After attendees had eaten and become acquainted with one another, Brent Sharp of LDS Philanthropies introduced the opening speaker who was a student recipient of one of the university’s signature scholarships.
Matthew Viglione, a senior majoring in electrical engineering, began by thanking all those who had ever contributed to the scholarships he had received. Viglione spoke about his childhood and how money was not easy to come by in his family.
“One thing my dad always taught me is that we really needed to work hard and if we work hard and if we dedicated ourselves we’d be able to accomplish something good,” Viglione said, “If we did our best, we would accomplish great things.”
Viglione said when it came time for him to choose a university he had a few offers and scholarships from different universities, though he had never seriously considered BYU. He finally prayed about it and got a firm ‘yes’ that he should attend this university.
His parents were not very pleased with this decision, because he had not gotten any scholarship offers from BYU. Once he got to BYU, he found he did have a scholarship and his parents were very relieved.
He said the environment of BYU was crucial to his growth.
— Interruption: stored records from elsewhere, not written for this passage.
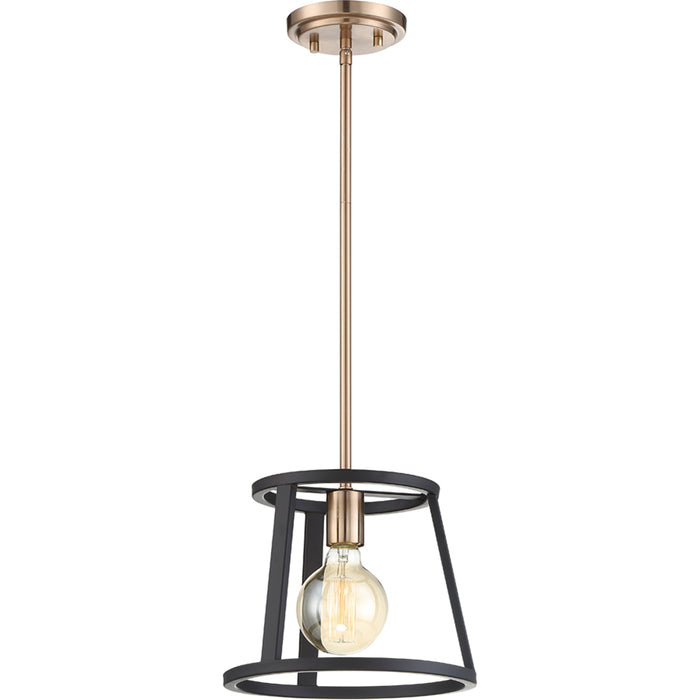 SATCO/NUVO Chassis 1-Light Miniature Pendant Fixture Copper Brushed Brass Finish With Matte Black Frame (60-6641)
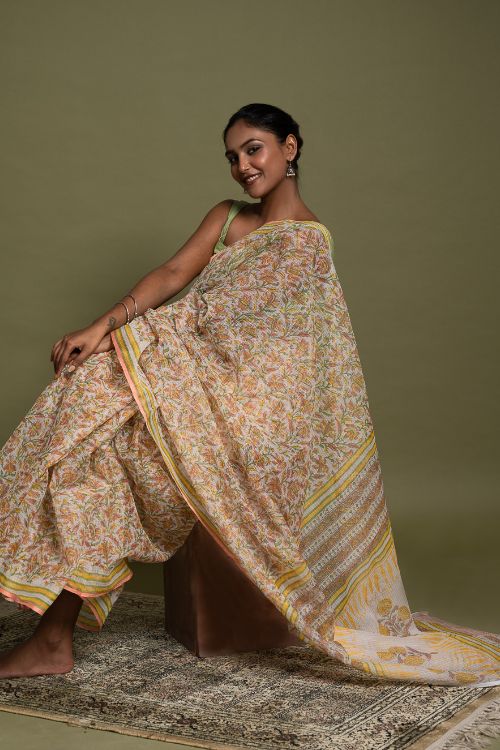 ICH Light & Breezy. Sanganeri Hand Block Printed Kota Doria - Summer Flora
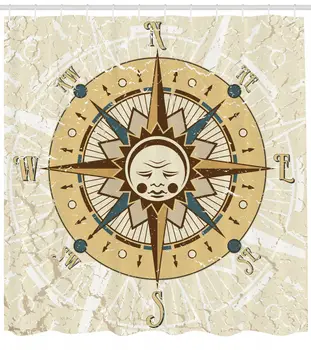 

Compass Shower Curtain Windrose with Sad Face Print for Bathroom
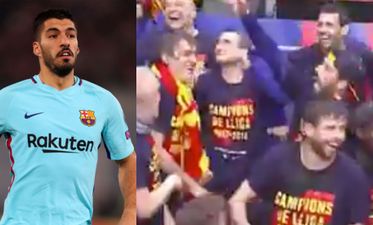 WATCH: Luis Suarez steals manager’s shoe, throws it off Barcelona’s parade bus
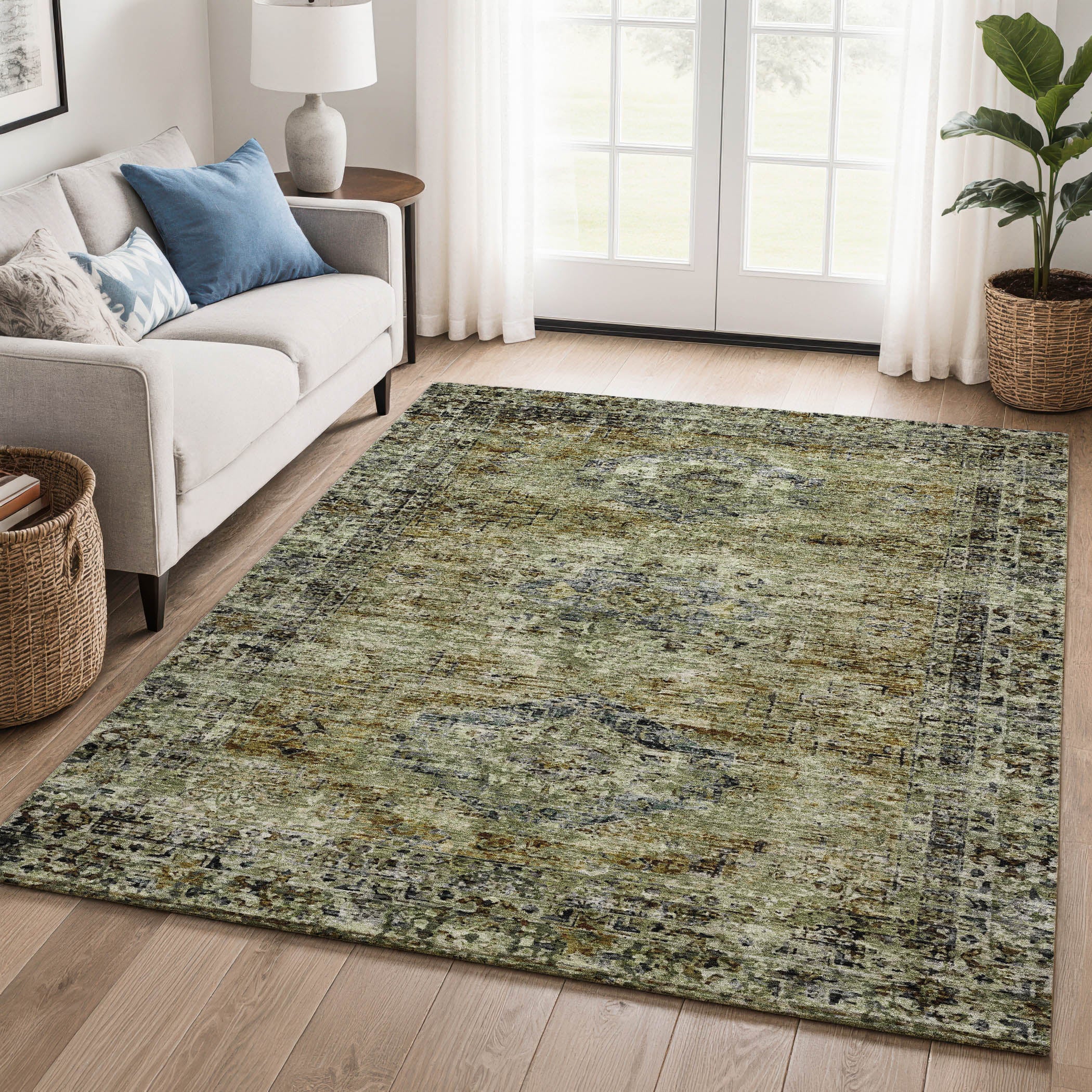 Bangkok Machine Washable Traditional Aloe Green Rug 2'6" x 3'10" #shape_Rectangle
He explained he had not thought too much about serving a mission before coming to BYU, but as more of his friends began to leave on their own missions his freshman year, he pondered more about the opportunity.
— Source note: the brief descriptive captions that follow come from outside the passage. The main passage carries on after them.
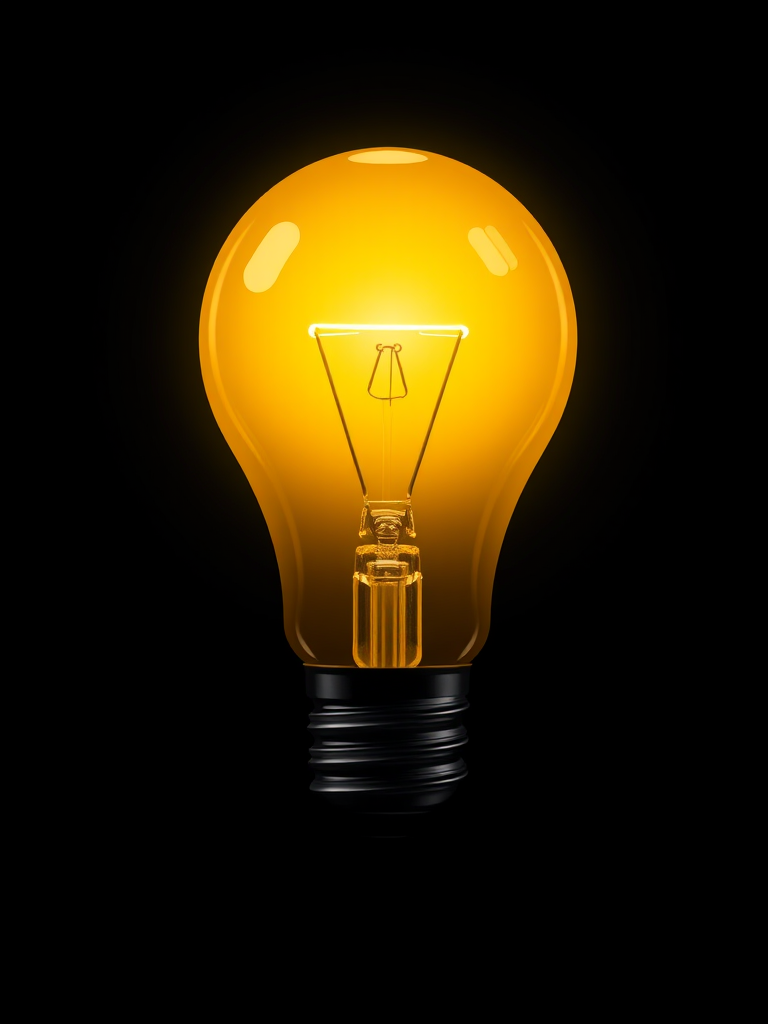create an illustration of a yellow light bulb on a black background, use a DSLR camera with a 50mm lens, aperture f/1.8, ISO 100, and a soft focus style to enhance image quality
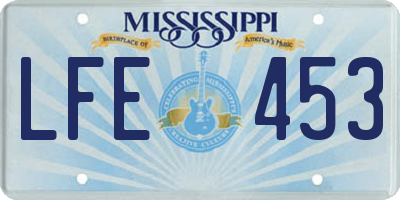 MS license plate LFE453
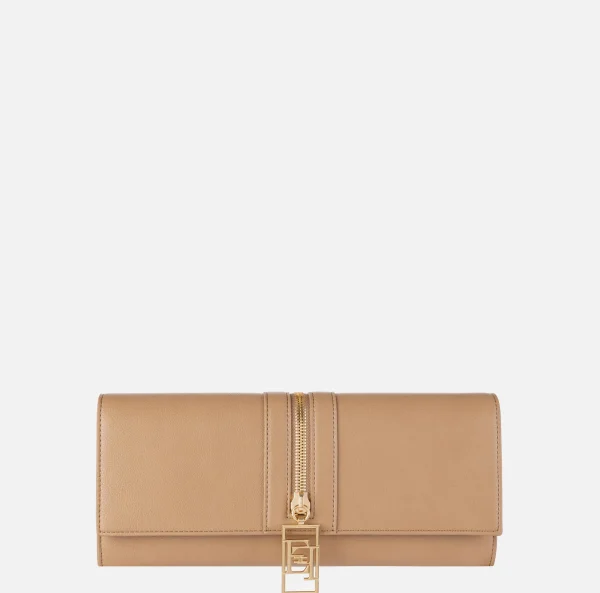 Elisabetta Franchi Clutch^Borsa baguette in materiale effetto pelle con zip Camel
Viglione said he was certain if he had not received these scholarships he would not be where he is and who he is today. He attributed much of his experience to the scholarship program.
Jeff Young, a scholarship donor, spoke and emphasized on the worth of investment these donors are making in the students that receive these scholarships.
“The value that you get of this education is unprecedented,” Young said.
Matthew Richardson, advancement vice president of BYU, suggested the idea that when recipients and scholarship donors come together in an occasion such as this it represents a domino effect. A chain reaction.
Richardson said as the scholarship donors invest in the students and the students complete their education, the students go on to greater things and use their education to influence for the better and touch many lives. He explained it eventually comes full circle as some of the recipients come back and donate to scholarships themselves for other students.
“Good things happen when people come together,” Richardson said, “Magic starts to happen.”
More importantly, Richardson suggested not just that students and donors can be together, but that they need to be together.
“We will never, ever replace what takes place when you put two human beings together. Face-to-face. Side-by-side.” Richardson said.